Well after watching that video and reading these posts I am definitely going to hook it as per Chrysler diagrams, I will report back, hopefully it’s a simple fix. I may try to move it away from headers as well although I am using heat shield tape on my harness in this area and wires currently show no sign of melting
 
That is probably where you trouble lies. swap the Green and Blue and if you did not fry the VR you should be good to go.

View attachment 1715937254

This (assuming the white in the black sheathing is the 12V feed from the ignition)
View attachment 1715937257

AND WATCH THE VIDEO!!!!!
Yes indeed the white wire from the EZ wire kit was labeled alternator exciter wire, I am wiring as per your diagram
 
"Exciter wire" is a stupid term and comes largely from GM. The Delco internal regulator setups used an idiot lamp in parallel with a resistor for "an exciter." On (at least the older) Delcos, you did NOT want to eliminate the resistor/ lamp, except you could use an inline diode. This prevented high current draw in that circuit that would "cook" what is called the diode trio. Anyhow, it's a gm thing.
 
So made the change, switched the wiring and fired up the car, just getting 12.0-12.1 volts at volt gauge in dash, reading 12.3 volts at battery + and - terminals as well as 12.3 at alternator post to -
I think I will purchace a new voltage regulator as I may have fried the current one
 
Or... Your battery is fully charged!

Turn on headlights, press the brake pedal, turn in the heater fan and check the voltage then.

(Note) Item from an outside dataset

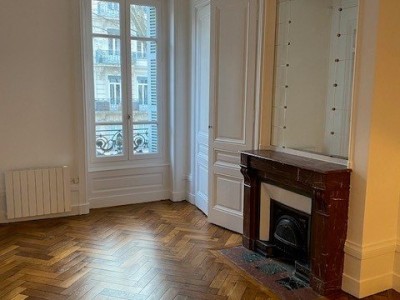APPARTEMENT T3 A LOUER - LYON 3EME ARRONDISSEMENT - 96,06 m2 - 1365 € charges comprises par mois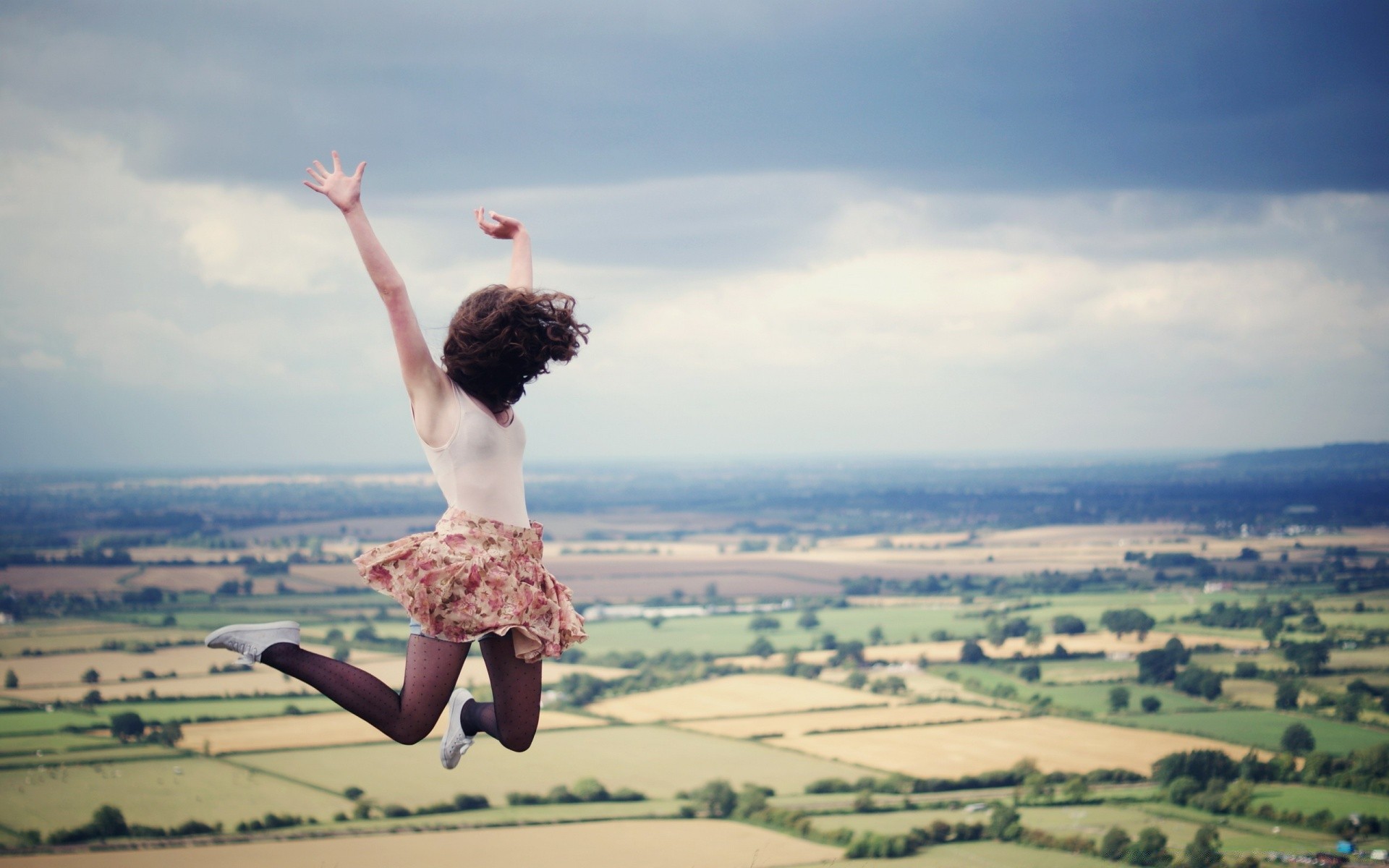 altre ragazze cielo all aperto da solo libertà paesaggio luce del giorno tempo libero viaggi estate natura ragazza adulto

Also be sure you do this at idle AND at 1000 to 2000 rpm.

( My reference to 12 volts is the nominal voltage, maybe it's 12.8 or 12.4 or the like)

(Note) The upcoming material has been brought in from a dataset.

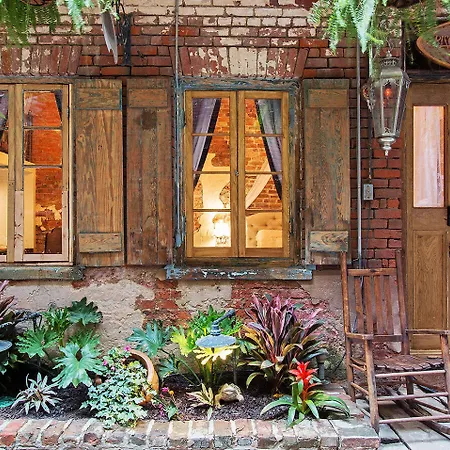 French Quarter Mansion-3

At idle the voltage should be under or just at 12

At higher rpm it should be 12 or higher
 
Ok, with car at idle 900-1000 rpm head lights, heater, brakes, turn signal voltage reading 11.5 @ volt meter, increasing rpm does not make voltage increase
 
Or... Your battery is fully charged!

Turn on headlights, press the brake pedal, turn in the heater fan and check the voltage then. Also be sure you do this at idle AND at 1000 to 2000 rpm.

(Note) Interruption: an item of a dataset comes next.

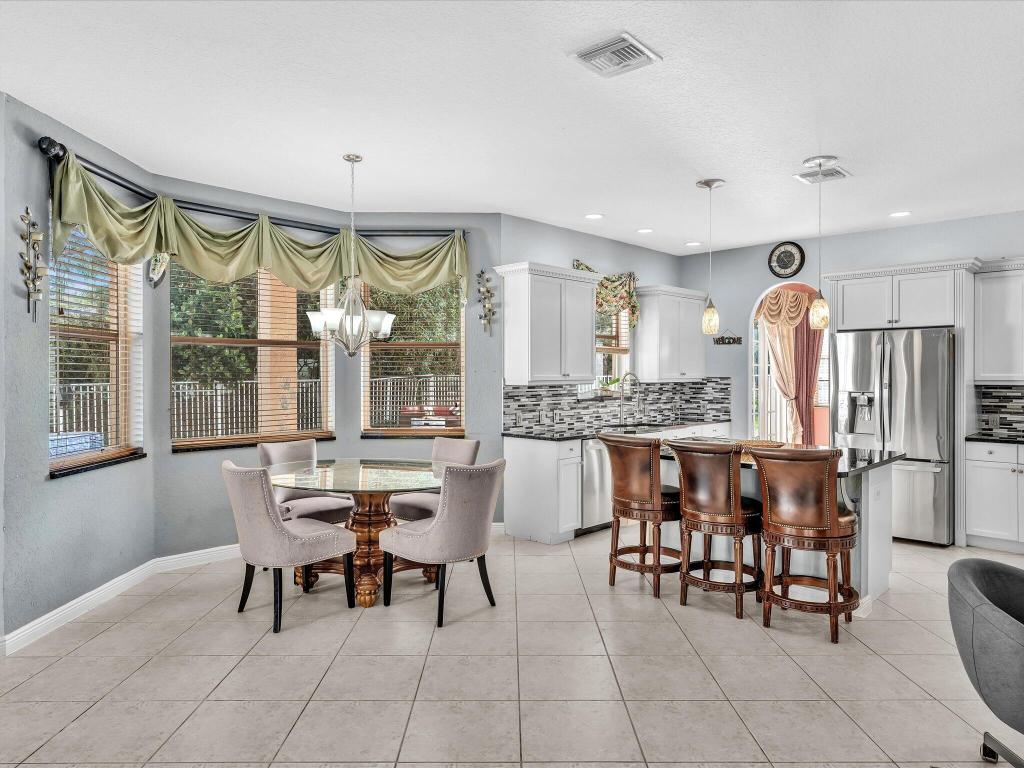 SMITH DAIRY WEST 7 PH 2 - Residential Lease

( My reference to 12 volts is the nominal voltage, maybe it's 12.8 or 12.4 or the like)


At idle the voltage should be under or just at 12

At higher rpm it should be 12 or higher

No, no no. Sorry, no. If the alternator is running fast enough to charge and overcome the load, and if the battery is healthy and "up" it should run nominal 14. "You can't say" what it should be at idle for several reasons.........don't know what the load is, the battery state of charge, how much that alternator can put out "at idle," or even "what" the idle RPM is.

If the battery is dead enough, output can read somewhat low, but under "low-med cruise" RPM it will almost always come up 13V+ depending on the output rating of the alternator and battery state.